Recent ground-breaking progress in cell and molecular biology has resulted in tremendous advances in understanding the molecular underpinnings of human diseases. These discoveries have given rise to the new discipline of molecular diagnostics that continues to revolutionize the practice of diagnostic pathology and in vivo imaging. In parallel, the development of targeted therapies against specific molecular markers has generated additional demands for molecular-specific characterization of cells and tissues. This workshop will introduce the participants to the current challenges and opportunities in molecular diagnostics, with special emphasis on the contribution of optical and spectroscopic methods.

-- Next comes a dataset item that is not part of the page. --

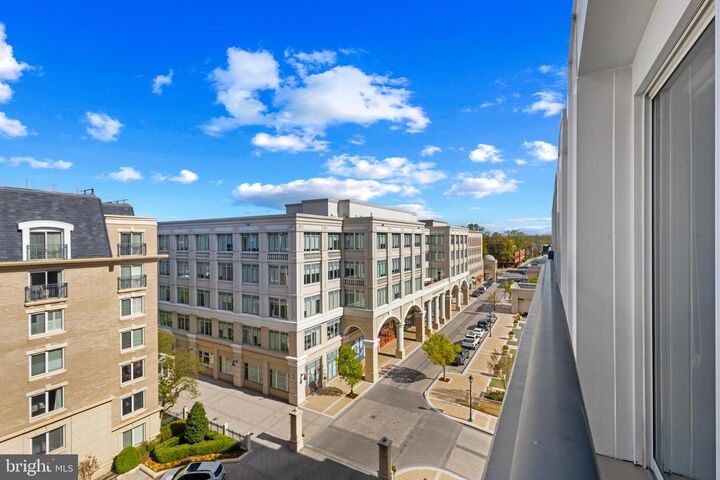 Property Photo:  5 Park Place 722  MD 21401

State-of-the-art in molecular diagnostics 
John Iafrate, Massachusetts General Hospital/ Harvard Medical School

Flip-flopping contrast mechanisms in optical imaging
Samuel Achilefu, Washington University School of Medicine

Molecular pathology with mid-infrared chemical imaging
Rohit Bhargava, Beckman Institute at the University of Illinois

Imaging of molecular assemblies for cancer detection, monitoring and therapy: A plasmonic approach
Konstantin Sokolov, University of Texas at Austin

Tuesday, November 25, 2008, 3:30-6:00 PM
Massachusetts Institute of Technology
Grier Room, 34-401
77 Massachusetts Avenue, Cambridge

Refreshments served at 3:00 PM

Sponsored by the George R. Harrison Spectroscopy Laboratory, MGH Wellman Center for Photomedicine, Harvard-MIT Division of Health Sciences and Technology, and Center for the Integration of Medicine and Innovative Technology (CIMIT)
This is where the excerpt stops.